Friday, August 28, 2009

Kansas Republican calls for "great white hope"

A rather unfortunate choice of words, don't you think?

A Republican congresswoman from Kansas is issuing a great big apology for saying the GOP is searching for a "great white hope" to stop President Obama's policy agenda.

Rep. Lynn Jenkins "apologizes if her words have offended anyone," her spokesman, Mary Geiger, said. "That was not the intent in any way, shape or form."

During an Aug. 19 forum, Jenkins attempted to reassure the crowd that that the Republican Party has promising young leaders.

"Republicans are struggling right now to find the great white hope," Jenkins, who is white, said. "I suggest to any of you who are concerned about that, who are Republican, there are some great young Republican minds in Washington."

Later, at an event at the University of Kansas in Lawrence, Jenkins denied she was using racial terms.

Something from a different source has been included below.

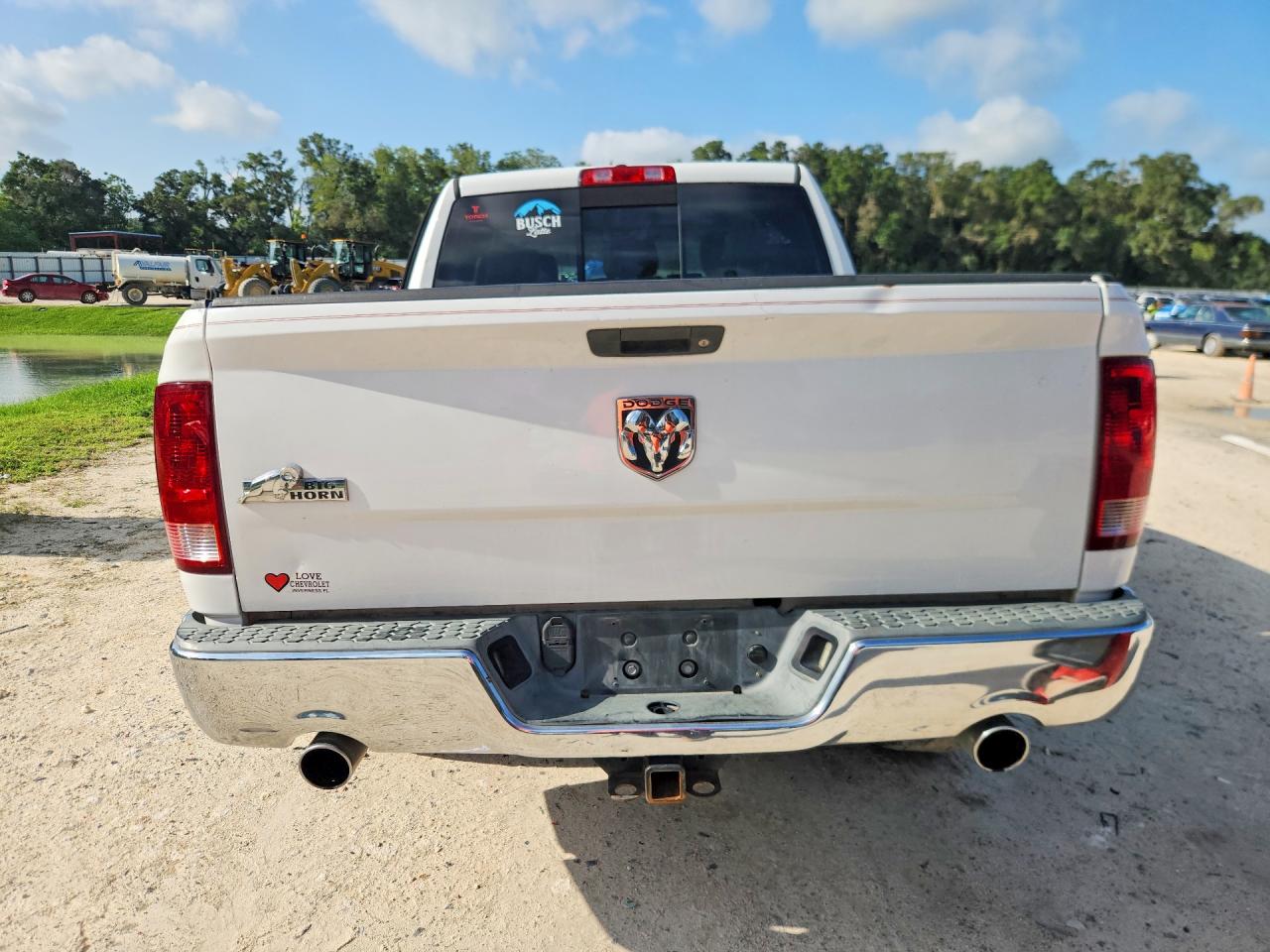2010 Dodge Ram 1500 Белый vin: 1D7RB1CT6AS205993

She said she meant only that the GOP needs "a bright light."

Thursday, August 27, 2009

Gary Doer is moving on

The longest serving Premier in the country has decided to call it quits. He'll be missed, but I don't think it's the end of the road for his government. Certainly his personal popularity has been an important part of the NDP's success in Manitoba, but they're hardly a one man show; within his own caucus there are a number of worthy successors. Bill Blaikie, Theresa Oswald, and Greg Selinger would all be fine leaders, for instance; Blaikie is almost universally respected even by his opponents, Oswald has shown that she has the fortitude to stand up to a withering attack (as health minister she's had to fight off the Tory and Liberal attack dogs at every turn), and Selinger has done a fine job as finance minister. In this babble thread Scott Piatkowski suggests that Jennifer Howard ought to run, and he has a point; although she's a relative newcomer, she's highly intelligent and likeable. Steve Ashton is another possibility; someone calling themself Brodie, in a comment to this post at PolicyFrog's blog, claims that he's already sent out an email to his potential supporters, in fact (though this has to be treated as unconfirmed for now). Outside of caucus, some have suggested that Judy Wasylycia-Leis and/or Pat Martin might run as well, though that seems a bit less likely to me (and they'd be sorely missed at the federal level if they did).

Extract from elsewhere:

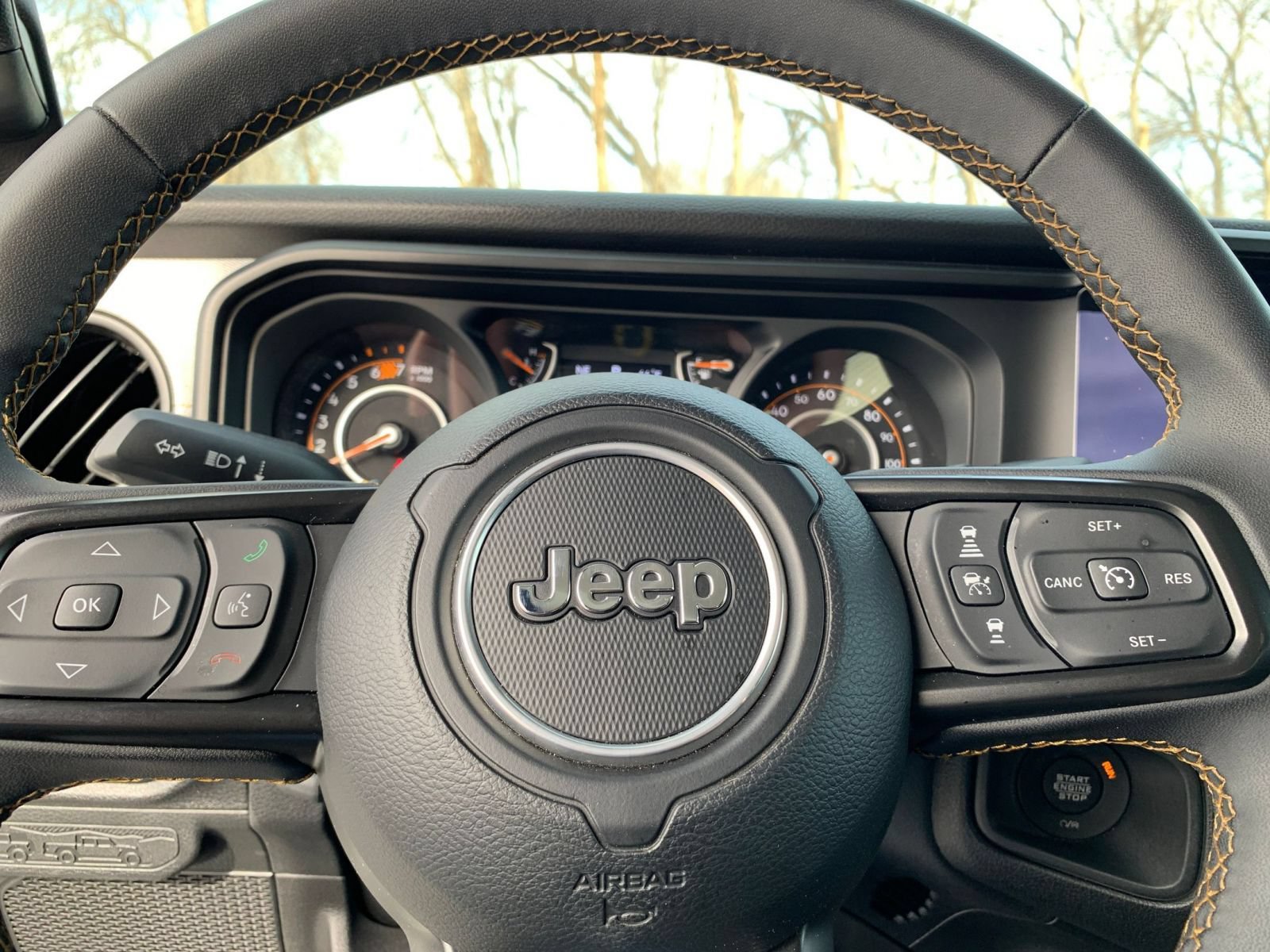 Used 2025 Jeep Wrangler Unlimited Sport AWD/4WD image 27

We'll have to see how see how it goes. In any case, I think there's still plenty of life left in the provincial NDP; this should be more of a changing of the guard than the end of an era. Let's hope so, anyhow.

Wednesday, August 26, 2009

Senate reform, Harper style

Just like the last round:

Prime Minister Stephen Harper is set to fill Senate vacancies with some of his closest Conservative backers in the second round of Red Chamber patronage appointments in less than a year.

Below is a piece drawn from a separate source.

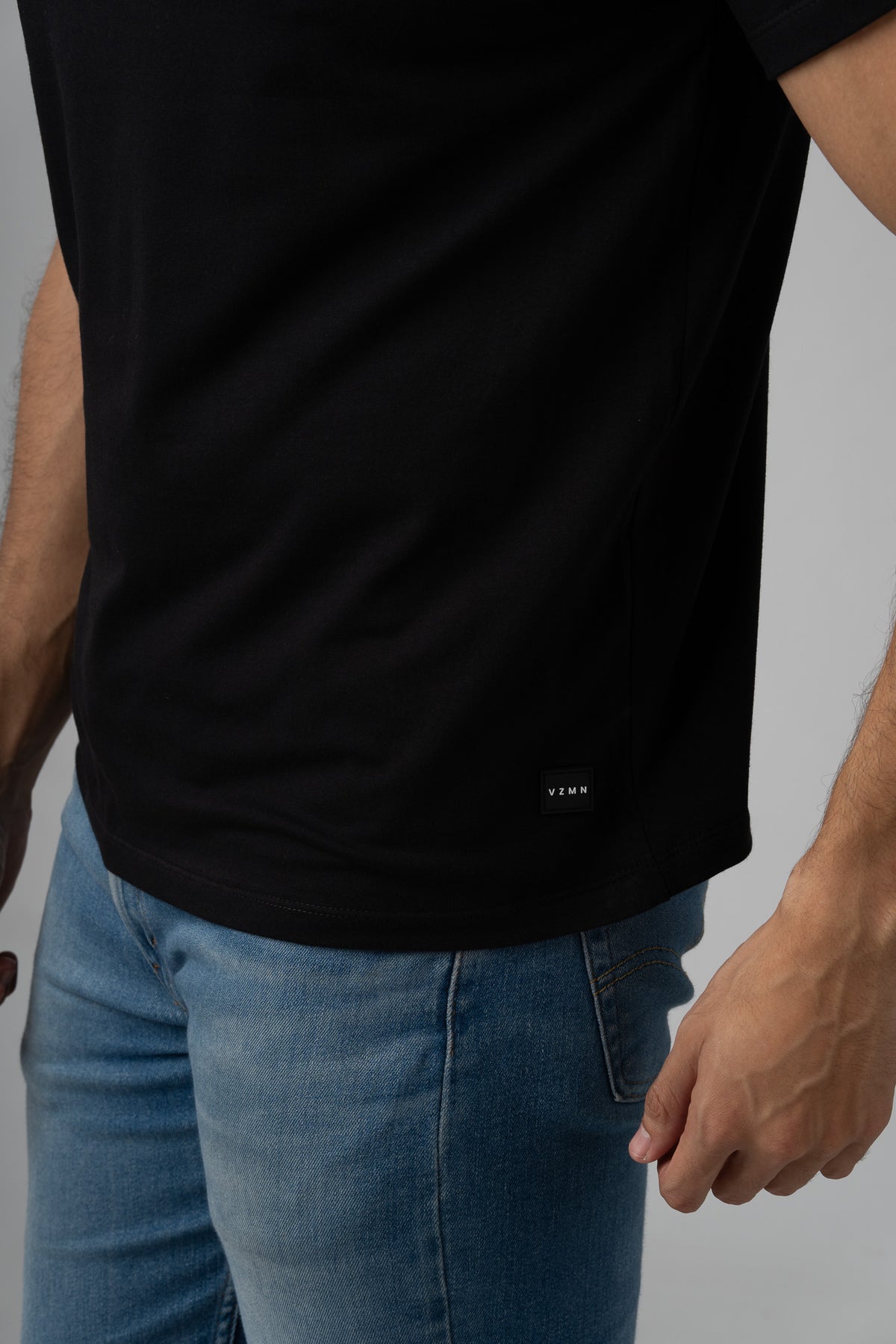 T Shirt Basic Negro - Voszmen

Mr. Harper’s campaign chair, Doug Finley, and his long-time communications assistant, Carolyn Stewart-Olsen, are set to become senators in the coming days. Conservative Party president Don Plett is also on the list of Senate nominees.

Mr. Finley was a key player in the controversial “in-and-out” advertising system in the 2006 election, in which the Conservative Party sent funds to local campaigns to buy national television ads. The strategy allowed the party to stay within maximum spending limits, but has come under sharp criticism by Elections Canada. Mr. Finley is expected to take an Ontario seat, while Mr. Plett will be a Manitoba senator and Ms. Stewart-Olsen will represent New Brunswick.

This is the second time in a row that Mr. Harper has appointed senators when Parliament is not sitting, allowing him to escape opposition attacks. He named 18 new Conservative senators to the Liberal-dominated chamber last December, just before Christmas, including party fundraisers and officials.

While Mr. Harper has long been critical of the Senate and its appointment system, and had vowed not to fill any vacancies until reforms had been put in place, he argued last year that he had to start making his own nominations.

From the Globe and Mail. Funny thing, that...

Man jailed three months for breath mint possession

No joke:
A man is suing the Kissimmee Police Department for an arrest over mints. When officers pulled Donald May over for an expired tag, they thought the mints he was chewing were crack and arrested him.

May told Eyewitness News they wouldn't let him out of jail for three months until tests proved the so-called drugs were candy.
From here, via babbittd in this iTulip thread.

Tuesday, August 25, 2009

In Surrey, they'd rather have shit than homeless people

Sad but true:

A controversial manure cure for homelessness in Surrey was apparently the result of discussions between city staff and members of the Surrey RCMP, Deputy City Manager Dan Bottrill said Monday.

Bottrill said he is still trying to determine exactly who came up with the idea of spreading smelly chicken manure around a Whalley social service building to drive away vagrants.

City bylaw staff, RCMP and members of the Downtown Surrey Business Improvement Association (that represents local merchants) were involved in the talks, Bottrill said.

Bottrill said the Aug. 14 dumping at the Front Room drop-in centre in the 10600-block of 135A Street appears to be have been a result of a "well-intentioned" attempt at finding a solution to the problem of the many homeless people who hang out in the area.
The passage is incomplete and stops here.